March 06 1837 Charles Darwin left Cambridge and moved in with his brother in London. Over the next few weeks his brother, Erasmus, introduced him to London’s more influential scientific elite’s.

There was an open secret in the family in 1833 that Erasmus was carrying on with Fanny Wedgwood (who was a friend of homeopathic advocate Harriet Martineau)… Erasmus was “paired off” with Emma Wedgwood to avert “an action in the Papers.”

However, Charles Darwin subsequently married Emma Wedgwood on 29 January 1839.

Erasmus Alvery Darwin then ‘took up’ with Harriet Martineau:

In October 1836 after Charles returned from the Beagle voyage, he stayed with his brother in a bustling London, where Erasmus enjoyed a life of literary leisure, his week revolving around intellectual dinner parties, spending his days “driving out Miss Martineau”.

Their father was concerned that Harriet Martineau’s radicalism made her unsuitable as a daughter-in-law, and possibly a bad influence on his boys.

Charles Darwin wrote that “Our only protection from so admirable a sister-in-law is in her working [Eras] too hard. He is beginning to perceive.. he shall be not much better than her ‘nigger’. – imagine poor Eras a nigger to so philosophical & energetic a lady… She already takes him to task about his idleness.”

Charles Darwin called on Harriet Martineau and remarked that “She was very agreeable, and managed to talk on a most wonderful number of subjects, considering the limited time…

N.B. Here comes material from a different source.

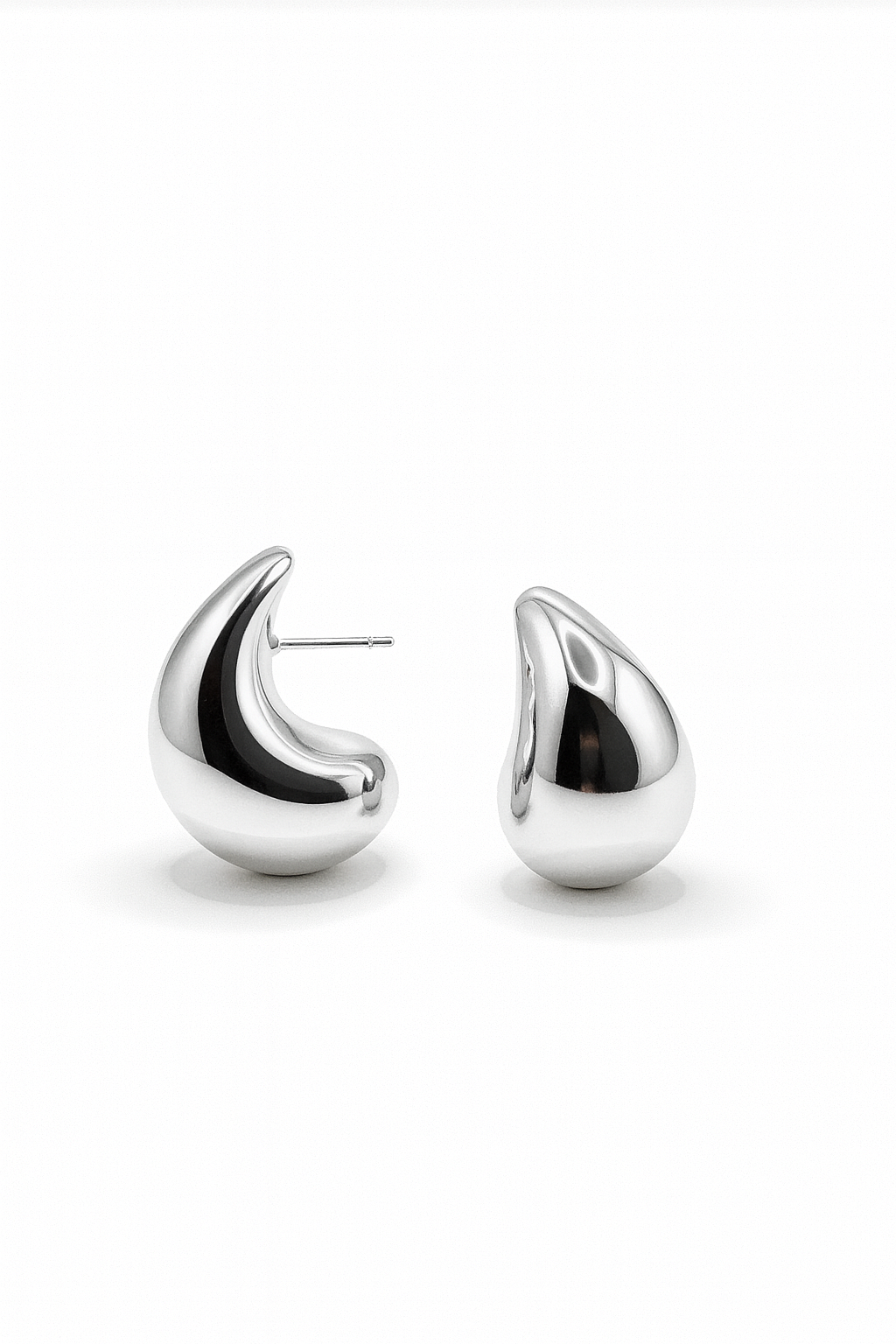 Silver sculpted teardrop-shaped stud earrings with smooth high-polish finish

In April 1838 Charles Darwin sent his parents the gossip that Harriet Martineau had been “as frisky lately as the Rhinoceros. – Erasmus has been with her noon, morning & night: – if her character is not as secure, as a mountain in the polar regions she would certainly lose it”…

Charles Darwin would still visit Erasmus as one of his relatives and friends who provided safe havens. One such occasion was the Great Exhibition in 1851 when the family came to London and stayed with “Uncle Ras”…

Francis Galton (cousin of the Darwin’s), having caught the fad for Spiritualism, arranged a séance in January 1874 at Erasmus’s house with those attending including Charles Darwin, Hensleigh Wedgwood and Thomas Henry Huxley. Charles Darwin’s son George Darwin hired the medium Charles Williams…

In September 1881 Charles Darwin stayed with Erasmus while his portrait was painted by John Collier.

When Erasmus Alvery Darwin died, Thomas Carlyle wrote the words to be carved onto his memorial marble slab ”one of the sincerest, truest and most modest of men“.

Of interest:

Charles Darwin visited Llandudno in 1824, and his visit is written up in *John Price’s guidebook Llandudno And How To Enjoy It. Charles Darwin was a life long friend of ‘Old Price’, as he called his friend John Price. They had first met as children when Charles Darwin was aged 15 and ‘Old Price’ was aged 21. John Price also knew Francis Darwin and Darwin’s brother Erasmus Alvey Darwin, who was known as ‘Old Strol’. John Price was in correspondence with the children of Henry Thomas, homeopathic proprietor of the Llandudno Hydropathic Establishment.

Charles Darwin’s niece Margaret Susan Wedgwood lived in Llandudno.